══ Available records ══

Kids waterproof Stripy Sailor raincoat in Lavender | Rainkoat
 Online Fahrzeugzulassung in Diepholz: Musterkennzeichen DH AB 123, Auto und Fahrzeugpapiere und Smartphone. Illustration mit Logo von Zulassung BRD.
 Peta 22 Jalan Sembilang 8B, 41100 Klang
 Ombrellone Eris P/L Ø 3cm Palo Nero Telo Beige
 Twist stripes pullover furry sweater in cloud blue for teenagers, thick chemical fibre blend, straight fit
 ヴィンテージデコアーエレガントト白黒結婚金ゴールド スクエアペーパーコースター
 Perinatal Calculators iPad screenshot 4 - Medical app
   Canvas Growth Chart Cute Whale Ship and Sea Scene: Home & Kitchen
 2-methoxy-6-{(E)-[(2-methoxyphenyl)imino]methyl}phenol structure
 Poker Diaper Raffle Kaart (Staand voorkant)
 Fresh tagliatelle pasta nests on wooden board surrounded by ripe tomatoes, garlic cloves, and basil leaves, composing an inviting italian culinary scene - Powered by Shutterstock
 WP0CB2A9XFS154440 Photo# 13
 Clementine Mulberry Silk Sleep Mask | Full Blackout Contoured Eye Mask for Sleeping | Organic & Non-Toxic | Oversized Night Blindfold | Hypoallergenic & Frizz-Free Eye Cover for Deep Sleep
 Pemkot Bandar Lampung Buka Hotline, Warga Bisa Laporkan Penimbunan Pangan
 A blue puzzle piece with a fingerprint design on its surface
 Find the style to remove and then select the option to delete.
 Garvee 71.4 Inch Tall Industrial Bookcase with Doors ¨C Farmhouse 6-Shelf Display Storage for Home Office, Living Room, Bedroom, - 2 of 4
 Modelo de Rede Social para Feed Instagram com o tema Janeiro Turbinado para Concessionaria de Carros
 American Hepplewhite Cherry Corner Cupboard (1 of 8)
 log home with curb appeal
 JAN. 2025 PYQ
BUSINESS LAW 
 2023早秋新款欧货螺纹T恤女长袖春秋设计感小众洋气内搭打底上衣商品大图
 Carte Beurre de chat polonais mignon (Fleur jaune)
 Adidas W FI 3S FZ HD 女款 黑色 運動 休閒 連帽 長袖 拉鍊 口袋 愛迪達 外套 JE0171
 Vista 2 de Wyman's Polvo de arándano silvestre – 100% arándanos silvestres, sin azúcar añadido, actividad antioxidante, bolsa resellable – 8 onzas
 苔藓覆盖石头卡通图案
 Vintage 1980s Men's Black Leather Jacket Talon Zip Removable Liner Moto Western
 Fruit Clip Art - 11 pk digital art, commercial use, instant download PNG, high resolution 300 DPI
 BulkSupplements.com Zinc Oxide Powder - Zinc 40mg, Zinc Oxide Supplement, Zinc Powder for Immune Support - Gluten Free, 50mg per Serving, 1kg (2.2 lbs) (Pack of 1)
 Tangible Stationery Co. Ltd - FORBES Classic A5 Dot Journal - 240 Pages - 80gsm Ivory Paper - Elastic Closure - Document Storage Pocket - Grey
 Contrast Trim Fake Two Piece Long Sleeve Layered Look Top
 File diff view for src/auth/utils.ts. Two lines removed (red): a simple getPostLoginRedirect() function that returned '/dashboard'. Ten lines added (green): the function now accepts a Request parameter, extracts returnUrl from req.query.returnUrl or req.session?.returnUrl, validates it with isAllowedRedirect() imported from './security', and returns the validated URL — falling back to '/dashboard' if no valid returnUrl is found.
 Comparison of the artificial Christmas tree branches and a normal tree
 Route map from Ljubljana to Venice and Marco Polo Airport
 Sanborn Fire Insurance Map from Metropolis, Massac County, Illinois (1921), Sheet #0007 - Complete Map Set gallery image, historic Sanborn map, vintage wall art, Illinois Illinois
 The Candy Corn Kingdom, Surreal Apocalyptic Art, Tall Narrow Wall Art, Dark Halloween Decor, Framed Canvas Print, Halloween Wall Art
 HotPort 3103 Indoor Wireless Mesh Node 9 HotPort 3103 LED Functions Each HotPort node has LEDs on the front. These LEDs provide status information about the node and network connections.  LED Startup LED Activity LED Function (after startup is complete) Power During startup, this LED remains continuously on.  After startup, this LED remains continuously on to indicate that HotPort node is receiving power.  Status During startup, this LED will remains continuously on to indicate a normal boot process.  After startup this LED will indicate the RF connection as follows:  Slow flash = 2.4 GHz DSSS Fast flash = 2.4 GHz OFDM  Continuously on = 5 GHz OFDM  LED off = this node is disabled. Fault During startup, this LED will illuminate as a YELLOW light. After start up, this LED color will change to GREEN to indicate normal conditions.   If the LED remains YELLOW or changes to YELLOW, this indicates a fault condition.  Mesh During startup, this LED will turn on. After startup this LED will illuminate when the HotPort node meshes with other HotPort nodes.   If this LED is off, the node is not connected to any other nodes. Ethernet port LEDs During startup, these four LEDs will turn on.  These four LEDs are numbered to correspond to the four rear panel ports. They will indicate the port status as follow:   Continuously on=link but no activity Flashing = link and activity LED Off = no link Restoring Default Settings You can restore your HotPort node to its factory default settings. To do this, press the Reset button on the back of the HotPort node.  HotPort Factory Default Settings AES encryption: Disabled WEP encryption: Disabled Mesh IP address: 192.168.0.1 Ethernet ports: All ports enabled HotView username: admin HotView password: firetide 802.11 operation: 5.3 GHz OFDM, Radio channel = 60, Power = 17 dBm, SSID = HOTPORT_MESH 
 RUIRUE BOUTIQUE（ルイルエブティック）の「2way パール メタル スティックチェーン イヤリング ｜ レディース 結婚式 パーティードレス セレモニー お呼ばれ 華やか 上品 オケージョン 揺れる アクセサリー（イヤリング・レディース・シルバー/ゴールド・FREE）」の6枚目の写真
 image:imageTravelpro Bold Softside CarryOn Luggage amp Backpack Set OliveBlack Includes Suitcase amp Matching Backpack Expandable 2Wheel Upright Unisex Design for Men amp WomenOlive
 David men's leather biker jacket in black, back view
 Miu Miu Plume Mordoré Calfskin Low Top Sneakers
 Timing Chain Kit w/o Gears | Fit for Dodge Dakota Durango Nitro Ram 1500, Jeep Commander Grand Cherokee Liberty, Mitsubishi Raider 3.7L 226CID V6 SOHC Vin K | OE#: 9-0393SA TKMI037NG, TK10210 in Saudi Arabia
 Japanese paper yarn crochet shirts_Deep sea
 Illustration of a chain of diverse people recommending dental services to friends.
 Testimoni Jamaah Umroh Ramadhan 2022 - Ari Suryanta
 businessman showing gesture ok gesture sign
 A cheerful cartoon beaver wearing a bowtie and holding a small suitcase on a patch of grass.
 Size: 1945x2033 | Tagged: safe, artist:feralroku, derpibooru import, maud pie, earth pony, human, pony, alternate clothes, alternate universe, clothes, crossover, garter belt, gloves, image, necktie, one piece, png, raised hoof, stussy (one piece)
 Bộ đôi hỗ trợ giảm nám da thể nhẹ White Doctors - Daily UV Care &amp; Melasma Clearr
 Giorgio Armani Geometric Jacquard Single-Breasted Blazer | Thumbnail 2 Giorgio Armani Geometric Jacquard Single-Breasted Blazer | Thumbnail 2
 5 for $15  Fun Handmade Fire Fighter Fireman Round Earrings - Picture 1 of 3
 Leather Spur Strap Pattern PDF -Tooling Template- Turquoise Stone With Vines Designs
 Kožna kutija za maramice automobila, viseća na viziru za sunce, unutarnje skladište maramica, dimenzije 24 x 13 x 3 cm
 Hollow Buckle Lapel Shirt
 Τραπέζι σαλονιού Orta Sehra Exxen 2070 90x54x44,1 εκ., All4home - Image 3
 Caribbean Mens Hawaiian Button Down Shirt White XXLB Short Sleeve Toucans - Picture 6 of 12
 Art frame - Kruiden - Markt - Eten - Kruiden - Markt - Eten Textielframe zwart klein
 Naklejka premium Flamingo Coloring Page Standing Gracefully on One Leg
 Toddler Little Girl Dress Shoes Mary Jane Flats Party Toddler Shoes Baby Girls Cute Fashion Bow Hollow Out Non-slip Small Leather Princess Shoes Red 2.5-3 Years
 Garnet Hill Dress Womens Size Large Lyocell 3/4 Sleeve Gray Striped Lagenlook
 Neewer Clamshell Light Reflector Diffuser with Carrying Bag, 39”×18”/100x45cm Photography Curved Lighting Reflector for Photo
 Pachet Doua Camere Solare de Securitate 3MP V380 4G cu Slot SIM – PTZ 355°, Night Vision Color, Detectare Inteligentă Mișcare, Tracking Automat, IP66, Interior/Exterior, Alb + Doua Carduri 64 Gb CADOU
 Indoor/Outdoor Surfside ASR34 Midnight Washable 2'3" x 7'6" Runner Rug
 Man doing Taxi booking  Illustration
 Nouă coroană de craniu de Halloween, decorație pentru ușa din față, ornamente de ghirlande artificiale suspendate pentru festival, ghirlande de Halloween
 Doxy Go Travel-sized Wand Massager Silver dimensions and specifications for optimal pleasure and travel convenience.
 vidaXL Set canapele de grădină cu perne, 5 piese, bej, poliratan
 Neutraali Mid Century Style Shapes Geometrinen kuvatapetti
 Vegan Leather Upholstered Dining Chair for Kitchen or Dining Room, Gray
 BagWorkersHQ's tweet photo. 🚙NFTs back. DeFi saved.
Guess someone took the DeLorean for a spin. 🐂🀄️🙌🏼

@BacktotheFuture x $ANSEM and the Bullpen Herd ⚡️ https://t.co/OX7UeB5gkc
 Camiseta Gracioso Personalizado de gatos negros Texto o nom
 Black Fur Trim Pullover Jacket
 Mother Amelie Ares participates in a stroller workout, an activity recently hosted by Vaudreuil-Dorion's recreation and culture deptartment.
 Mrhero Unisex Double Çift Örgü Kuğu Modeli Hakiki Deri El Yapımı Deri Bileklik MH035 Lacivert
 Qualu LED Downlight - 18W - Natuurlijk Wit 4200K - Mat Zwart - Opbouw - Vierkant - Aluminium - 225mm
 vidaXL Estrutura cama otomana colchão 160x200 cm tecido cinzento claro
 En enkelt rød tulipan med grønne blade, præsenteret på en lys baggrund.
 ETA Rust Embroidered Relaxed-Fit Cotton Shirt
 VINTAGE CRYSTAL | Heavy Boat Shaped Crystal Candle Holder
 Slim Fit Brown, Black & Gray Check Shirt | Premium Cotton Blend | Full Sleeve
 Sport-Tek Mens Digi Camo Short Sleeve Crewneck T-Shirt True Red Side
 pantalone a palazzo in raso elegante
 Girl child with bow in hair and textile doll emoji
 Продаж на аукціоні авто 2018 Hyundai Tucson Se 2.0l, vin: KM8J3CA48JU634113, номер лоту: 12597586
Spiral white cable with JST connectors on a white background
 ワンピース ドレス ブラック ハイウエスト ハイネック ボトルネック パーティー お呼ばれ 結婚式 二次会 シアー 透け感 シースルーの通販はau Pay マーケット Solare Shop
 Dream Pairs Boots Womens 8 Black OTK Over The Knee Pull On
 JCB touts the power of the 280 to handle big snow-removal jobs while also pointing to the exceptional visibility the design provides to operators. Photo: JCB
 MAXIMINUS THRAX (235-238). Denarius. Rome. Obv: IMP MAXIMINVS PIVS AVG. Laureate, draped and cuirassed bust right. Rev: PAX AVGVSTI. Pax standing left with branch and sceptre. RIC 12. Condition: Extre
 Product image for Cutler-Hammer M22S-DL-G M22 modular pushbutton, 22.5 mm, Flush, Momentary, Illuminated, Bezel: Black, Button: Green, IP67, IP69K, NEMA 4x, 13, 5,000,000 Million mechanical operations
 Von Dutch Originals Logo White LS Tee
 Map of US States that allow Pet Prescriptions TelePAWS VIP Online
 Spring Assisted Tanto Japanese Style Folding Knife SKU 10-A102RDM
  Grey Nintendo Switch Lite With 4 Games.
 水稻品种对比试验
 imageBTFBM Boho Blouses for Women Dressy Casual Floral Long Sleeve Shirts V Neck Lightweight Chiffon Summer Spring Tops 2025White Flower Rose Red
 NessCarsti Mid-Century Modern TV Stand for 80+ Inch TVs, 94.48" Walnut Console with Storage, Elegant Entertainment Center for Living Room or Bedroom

═══

What to do =
Your task is to copy exactly, and only, the lines from the line with "MAXIMINUS THRAX (235-238)." through the last line of the entries, both included.

Answer to the problem =
 MAXIMINUS THRAX (235-238). Denarius. Rome. Obv: IMP MAXIMINVS PIVS AVG. Laureate, draped and cuirassed bust right. Rev: PAX AVGVSTI. Pax standing left with branch and sceptre. RIC 12. Condition: Extre
 Product image for Cutler-Hammer M22S-DL-G M22 modular pushbutton, 22.5 mm, Flush, Momentary, Illuminated, Bezel: Black, Button: Green, IP67, IP69K, NEMA 4x, 13, 5,000,000 Million mechanical operations
 Von Dutch Originals Logo White LS Tee
 Map of US States that allow Pet Prescriptions TelePAWS VIP Online
 Spring Assisted Tanto Japanese Style Folding Knife SKU 10-A102RDM
  Grey Nintendo Switch Lite With 4 Games.
 水稻品种对比试验
 imageBTFBM Boho Blouses for Women Dressy Casual Floral Long Sleeve Shirts V Neck Lightweight Chiffon Summer Spring Tops 2025White Flower Rose Red
 NessCarsti Mid-Century Modern TV Stand for 80+ Inch TVs, 94.48" Walnut Console with Storage, Elegant Entertainment Center for Living Room or Bedroom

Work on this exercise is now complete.